Now, the one thing you can’t do with the fork in this road, which unfortunately is what I see most unhappy advisors actually doing, is nothing. Is just standing there looking at the fork in the road. They’re not willing to sell the 50% or 80% of the business that they don’t really want to serve and revert back to a healthy practice, but they don’t want to change their own habits and skill set to learn how to actually lead the business. So they just stand still. And unfortunately, if you stand still, so does your business. And with no one to really lead and develop your people, ambitious ones start to leave. Then you have a turnover problem. Then it feels harder to make progress because you’re trying to hire people but you keep losing your talent.
And then it’s even less enjoyable in your business so you hunker down more and you get stuck. And the business gets stuck. And it can even start to die because once you’re a business, the sad truth is you have to keep growing and moving forward as a business. Because you have to keep offering new opportunities to your people or they start leaving and the business starts dying. You can stand still with the practice built around you, there’s no standing still with the business.
But at a minimum, as you get started here in the new year, I hope you take a good long look at what you’ve built so far. Is it a practice? Is it a business? And more importantly, what do you want it to be? Do you really want it to build a business and make the reinvestments, financial time, effort, learning new skills that it takes to truly lead the business or do you really just want to run a successful practice, make good money, serve the clients you enjoy having relationships with, and regain control of your time? Because truly, both are okay.
I think we bash lifestyle practices way too often in our industries. You may have heard from some of our Financial Advisor Success podcast, from folks like Matthew Jarvis, that you can make great money, earn a lot of income, possibly even as much you would have gotten by building a business and sell anyways, and have great client relationships and regain control of your time and your life when you make a deliberate decision to just operate a good practice.
But at a minimum, you have to decide what you want to build towards. And if you’ve found yourself accidentally treading down the wrong path, you were one of those accidental business owners that doesn’t really want to be anymore… recognize that going back to a lifestyle practice is an acceptable answer. You can do it gracefully, you can ensure your clients are well served because it’s you that’s going to decide who’s going to take over those relationships. Are you going to sell? Are you going to transition out of your partnership and get back to the business that you enjoy? And if you want to build a business then, by all means, reinvest in yourself and keep building.

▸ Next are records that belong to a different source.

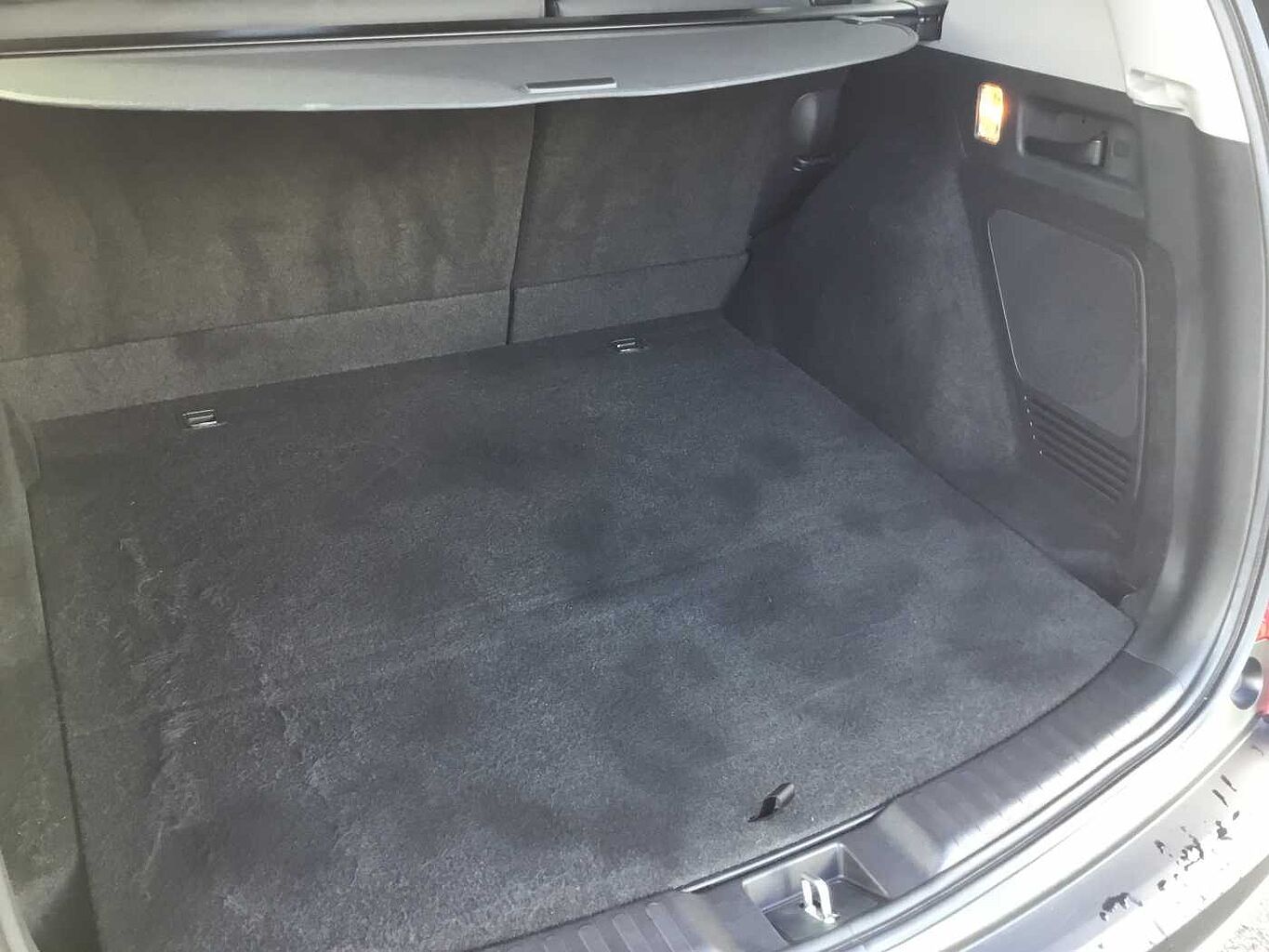 Used Honda CR-V 2022 for sale - 75929417: Photo 13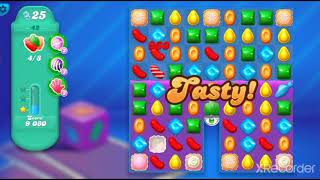 candy crush drama👍candy crush dance🔥candy crush ad girl🙏candy crush all levels❤️candy crush app screenshot 3
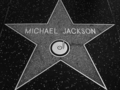M.J King of POP - michael-jackson photo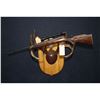 Image 2 : Lakefield (with clip & scope) - MKII - 22 calibre - S/N 235905
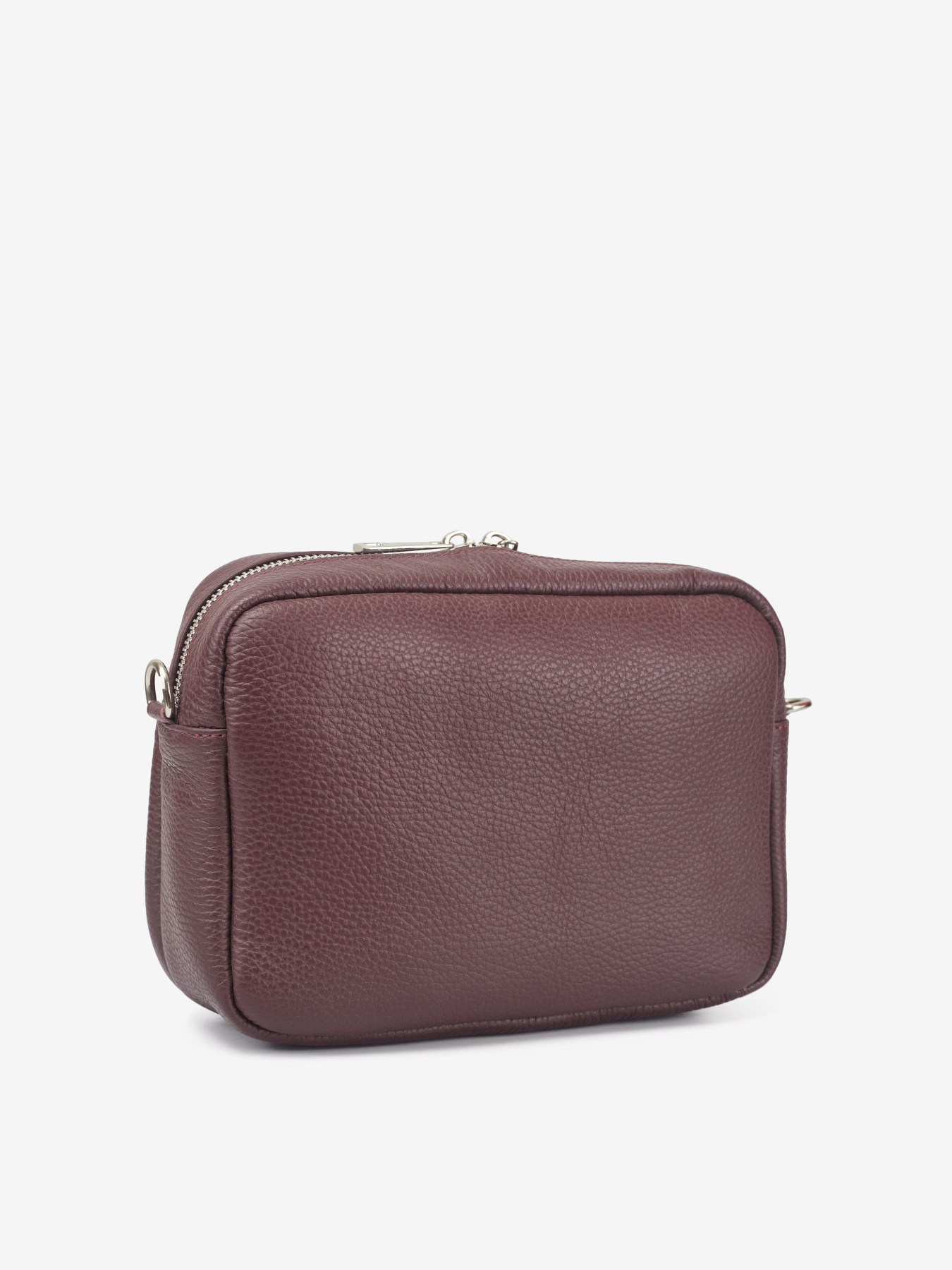 Кросс-боди Regina Notte модель 2000000215228 Фото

But in any event, I hope that’s some helpful food for thought and just some perspective on how even sizable advisory businesses can seem great and profitable on the outside but leave us unhappy on the inside. And it’s okay to be in that position and to want to make a change. But if you do, it’s still up to you to make the deliberate decision about what you want to run in the future.
This is Office Hours with Michael Kitces, normally 1 p.m. East Coast time on Tuesdays. Thanks for joining us, everyone, and have a great day.
So what do you think? Have you become an accidental business owner? Have you been a part of a firm where the owner couldn’t decide whether they wanted to be a business or a practice? What should advisors do when they face this fork in the road? Please share your thoughts in the comments below!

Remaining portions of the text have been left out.